Canadian soldiers from 9th Brigade land on June 6, 1944, with their bicycles at Juno Beach in Bernieres-sur-Mer during D-Day. An understanding of tides helped change the tide of war.


----------



## Robertriley (Oct 31, 2016)

That's the cropped photo.  I've seen the full one and it's just as amazing.  I'll see if I can find it


----------



## Rivnut (Oct 31, 2016)

I'd like to see that, thanks,


----------



## Rivnut (Nov 1, 2016)

I found this one as well.  Same boat but a different camera, different angle,  different lens, and a different location.   

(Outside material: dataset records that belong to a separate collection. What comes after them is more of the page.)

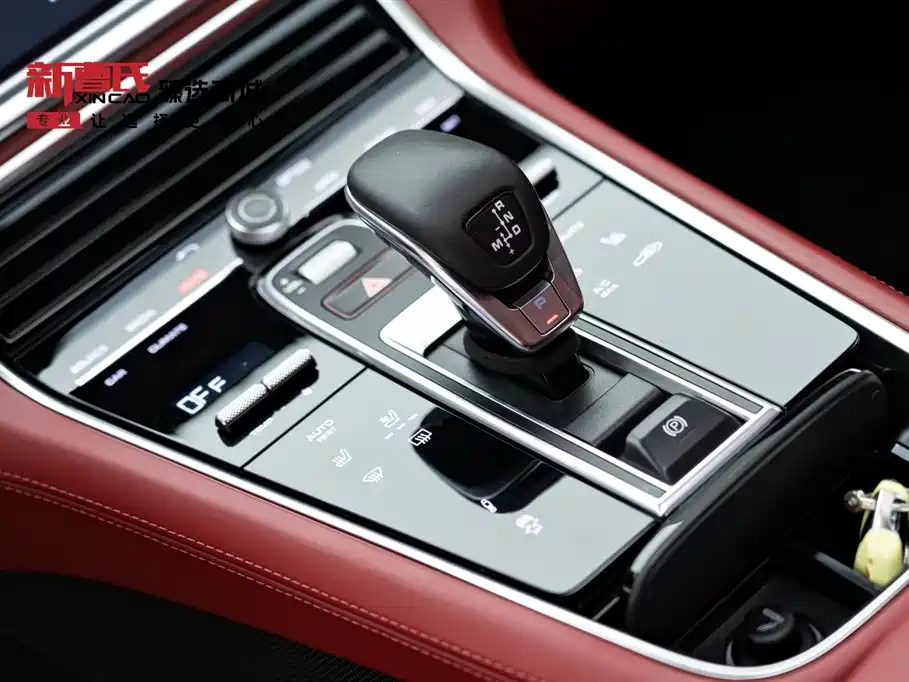 Porsche Panamera 2020 — фото 15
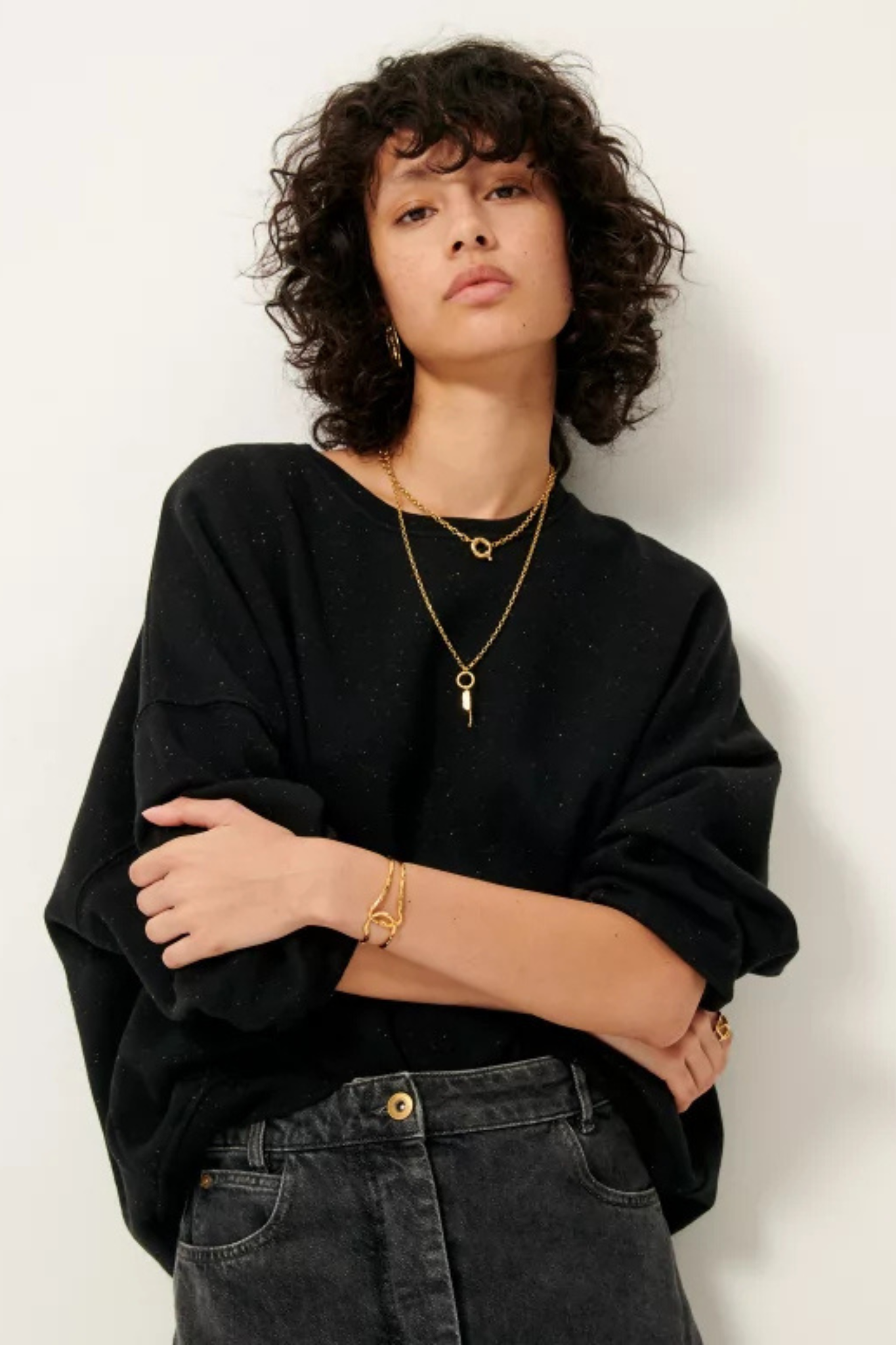 Model wearing the Sessun chebbi sweat oversized in black. Front view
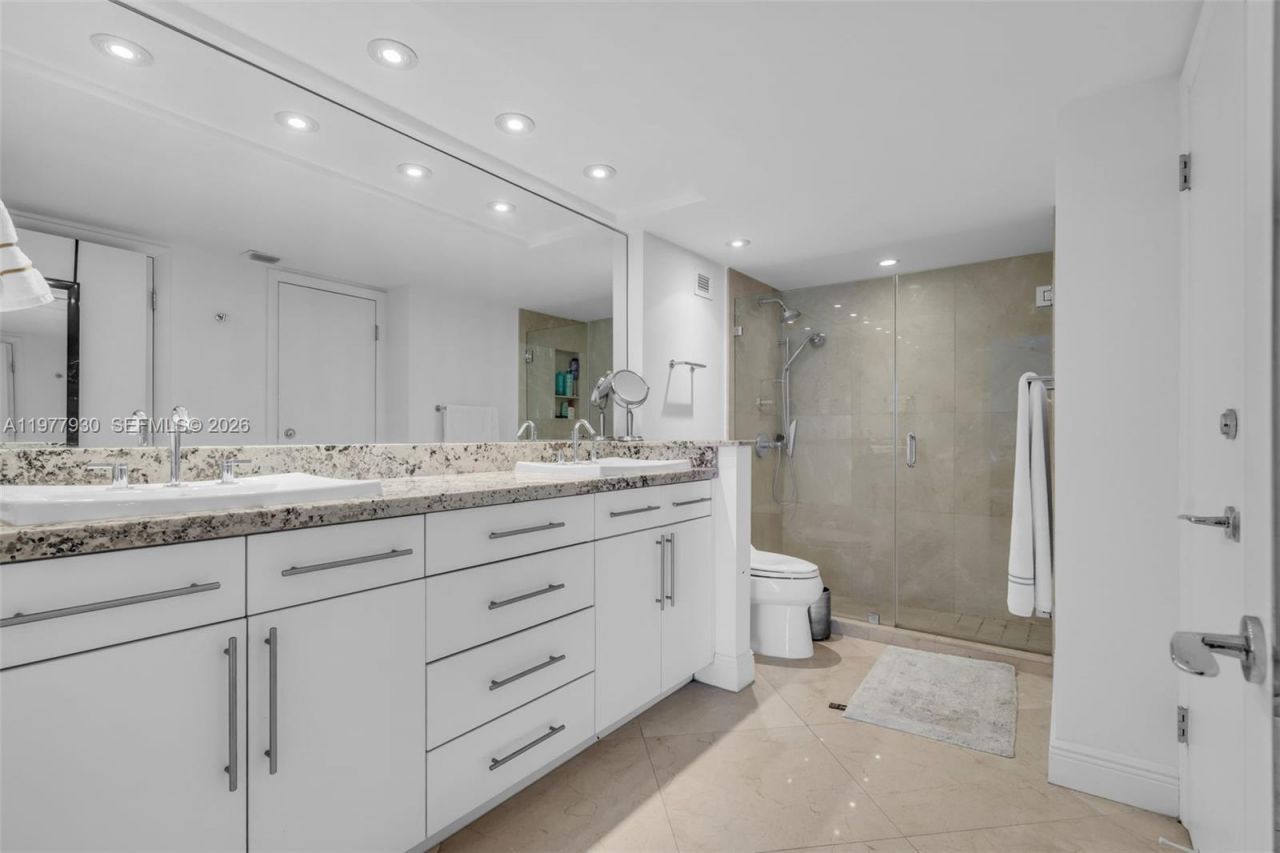 1121 Crandon Blvd, Unit E1203, Key Biscayne, FL 33149 Photo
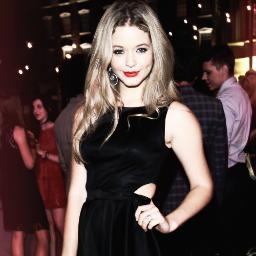 LaneyCARP's profile picture. It's immortality, my darlings. | Fifteen. Team Blue Moon. Element Air. Oh, and maybe I should mention.. I'm a pure blood vampire.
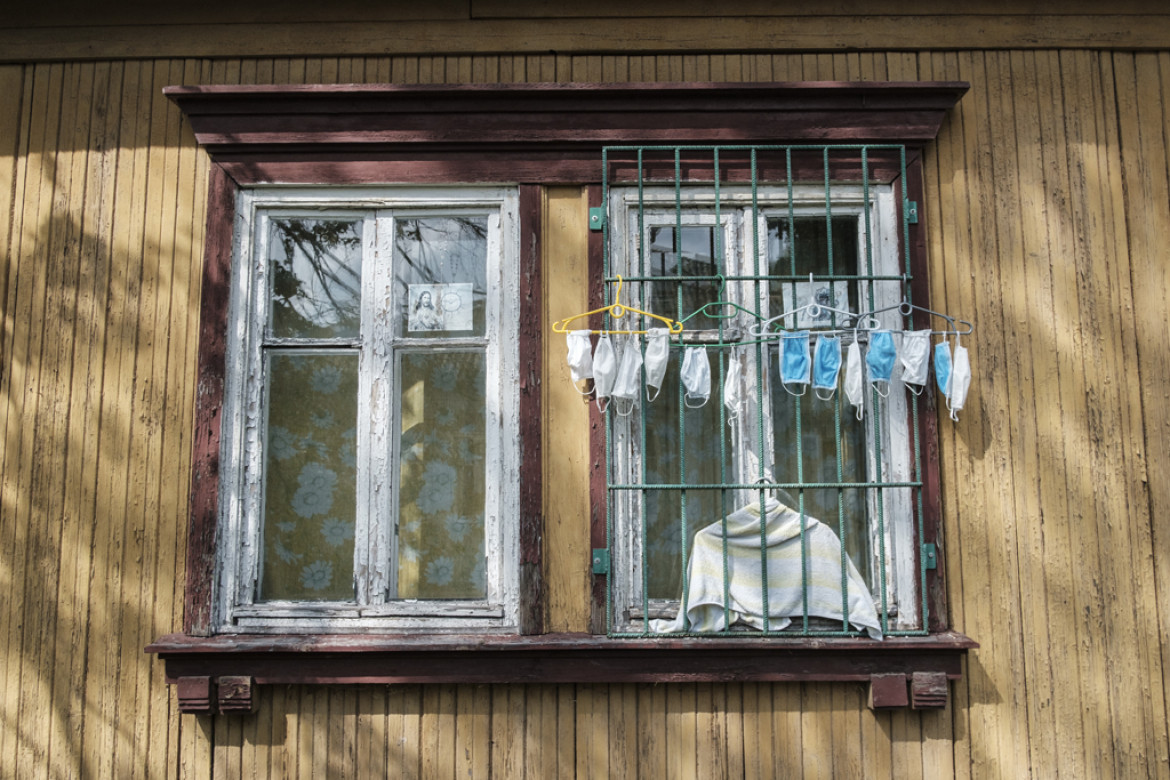 Kategoria: Fotoreportaż - ludzie. II nagroda. Autor: Małgorzata Adamczyk, Pix.House
Osiedle Przyjaźń na warszawskim Bemowie powstało w 1952 roku dla radzieckich budowniczych Pałacu Kultury i Nauki. Po zakończeniu robót w drewnianych domach zamieszkali studenci i pracownicy warszawskich uczelni. Dziś historia osiedla zyskuje nowe znaczenie. W pokojach mocno wysłużonych budynków mieszkają także cudzoziemcy, dla których Osiedle Przyjaźń jest pierwszym domem w Polsce.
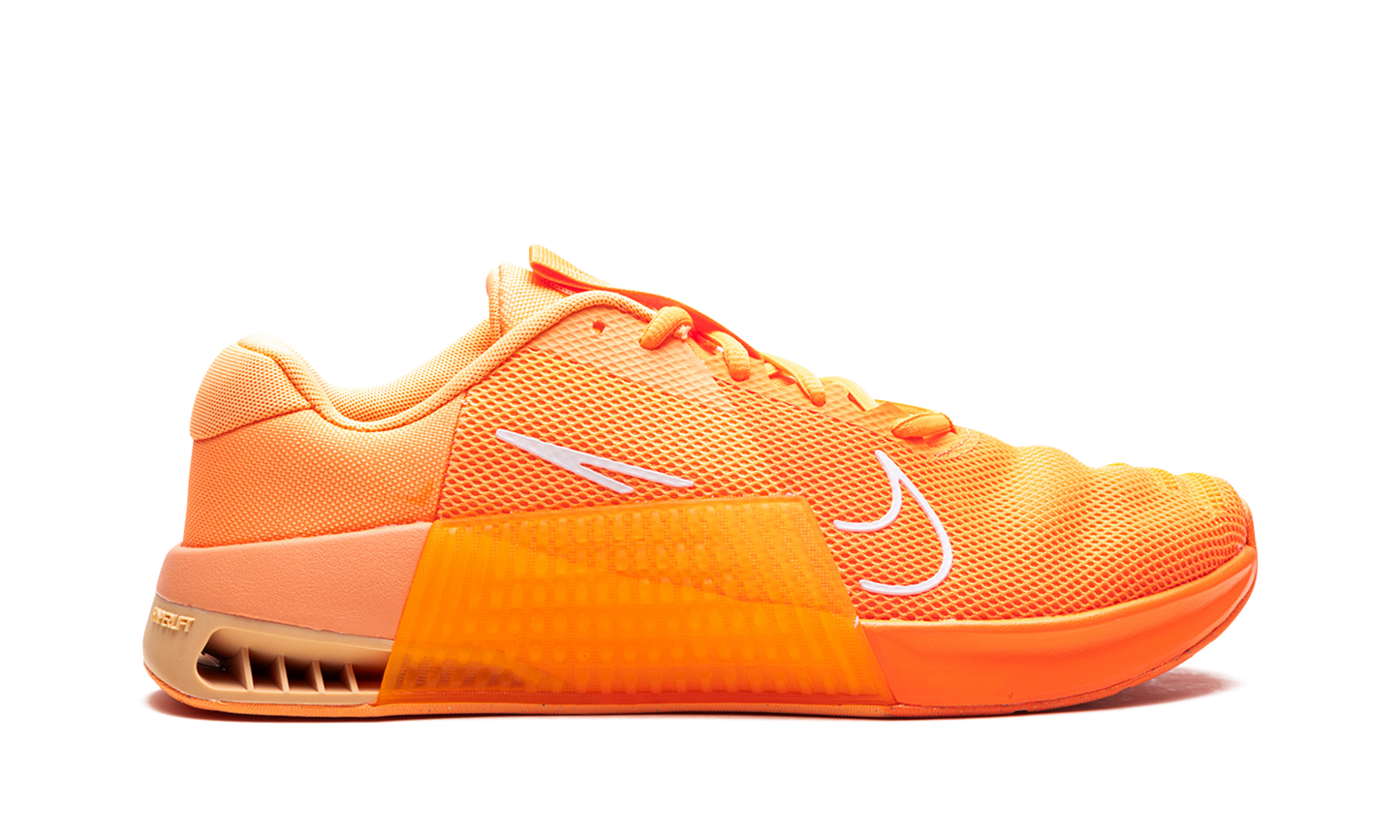 Metcon 9 AMP "Atomic Orange"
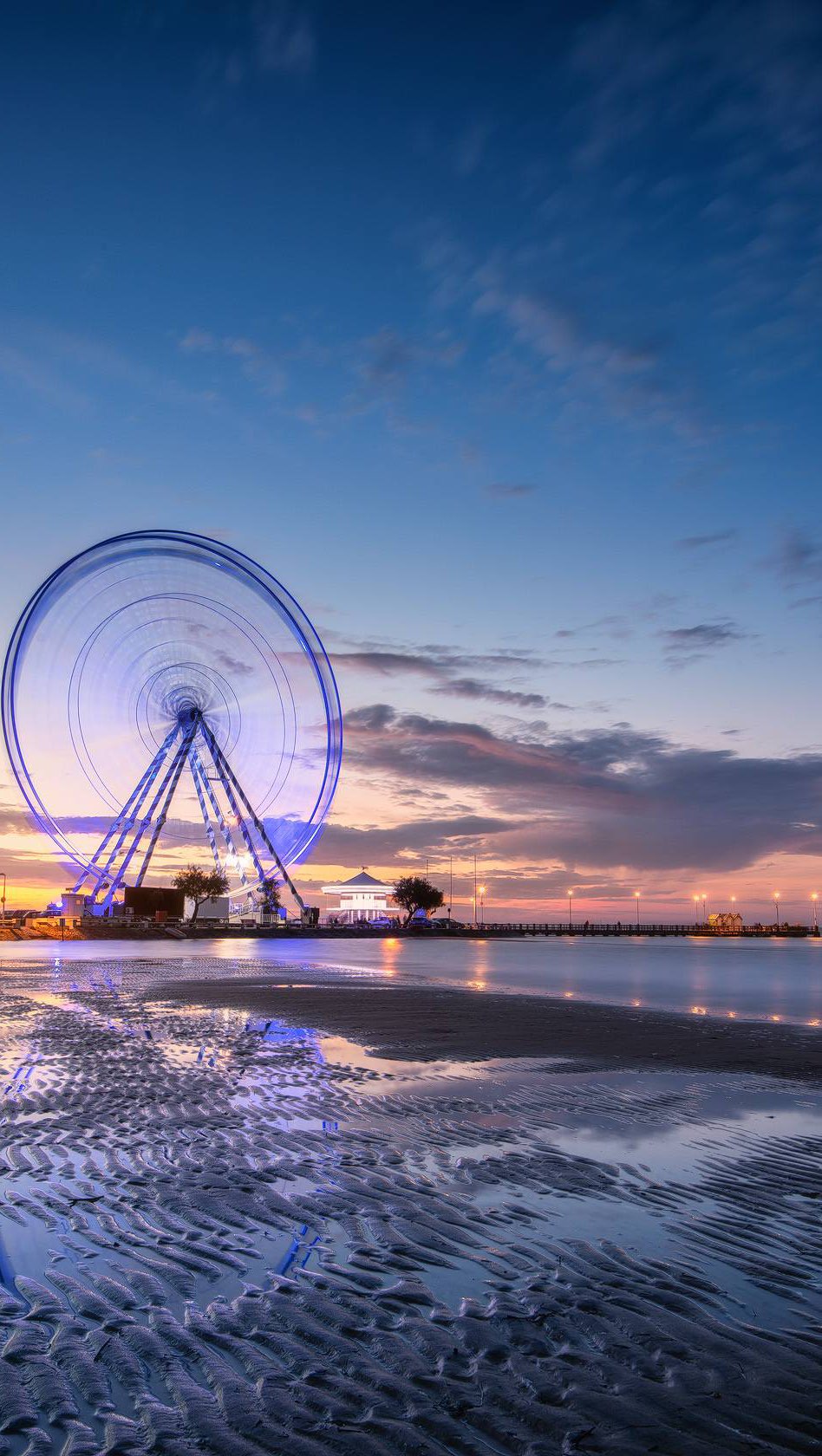 Nos astuces pour une impression de vitesse 👇👇
Direction Arcachon pour jouer avec la pose longue ! Ici la pose longue permet de donner une impression de vitesse à la grande roue. Il est possible de créer cet effet de vitesse avec des poses à partir de 3 secondes.
Au niveau matériel, soit il fait bien jour et dans ce cas il faudra utiliser un filtre ND (64 à 1000), soit vous arrivez à l’heure bleue et vous pourrez faire de la pose assez longue en fermant le diaphragme de votre objectif. Ici la photo finale (fin du réel) a été prise à f/9 avec un ND16 et un GND8 pour un temps de pose de 3 secondes. 
Nous espérons que cette vidéo issue de backstages et de photos de notre ambassadeur @jeanphilippebellonphotography vous aura plu. Venez laisser un petit commentaire si vous avez déjà essayé ou si cela vous a donné envie.
Suivez-nous pour plus de contenu en lien avec la filtration en photo. Identifiez-nous ou utilisez le #teamkase pour être repartagé.
@kasefiltersfrance 
@kase_filters_global @kaseglobal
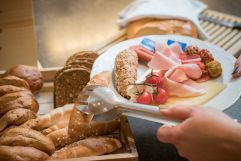 Einladendes Frühstücksbuffet (Wohlfühlhotel Schiestl)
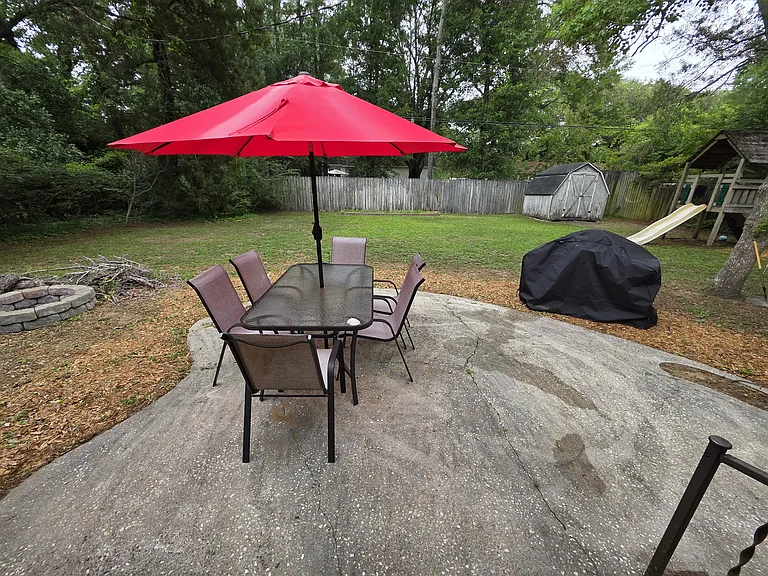 1308 Honeysuckle Ln — Photo 2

I do however think the picture in the first post is a cropped version of this picture.


----------



## johan willaert (Nov 3, 2016)

They would have looked like this...


----------



## Robertriley (Nov 3, 2016)

johan willaert said:


> They would have looked like this...
> 
> View attachment 378458



I'm not sure if they would be smiling.


----------



## Robertriley (Nov 3, 2016)

Rivnut said:


> I found this one as well.  Same boat but a different camera, different angle,  different lens, and a different location.
> 
> 
> 
> ...



I think you are correct


----------



## Rivnut (Nov 3, 2016)

Robertriley said:


> I'm not sure if they would be smiling.



They just might be smiling with that shade of lipstick and the rouge on their cheeks.


----------



## partsguy (Nov 16, 2016)

Photos like these are why I like lurking in this part of the forum. Very neat!


----------



## Nashman (Feb 24, 2017)

I rode one of those for years ( 1980's) albeit not 100% original. Mine was brushed red ( it came incomplete when I got it) and so I ran 28" rims with all white rubber pneumatic tires. I had a coaster brake, and standard ( no folding) pedals. The bottom bracket hardware, and much of the headset cones etc, bore the BSA three rifles logo. I was a sales rep that traveled in a van with it folded along with some wares, and fishing gear, guitar, cooler, and rode it religiously after a day on the road in many cool quaint small towns and lake resorts in late afternoon/evenings after work. Eventually I sold it along with a spare frame, but have great memories of that bike. It was quite a conversation piece for sure. I was told they were available off and on in the early 1970's at our local Army Surplus store here in Winnipeg, Canada. Great pictures and history, Thanks!


----------



## tango021 (Mar 1, 2017)

Also on Juno Beach ...






These are Infantrymen of The Highland Light Infantry of Canada.


----------



## tango021 (Mar 1, 2017)

There is also this color serie taken in Bernières-sur-Mer. You can see in the middle the same house that appears on the left of the first picture of this post. It is still existing today. On the right of this house, the tower of the church of Bernières-sur-Mer.



 


 


 
Today:


----------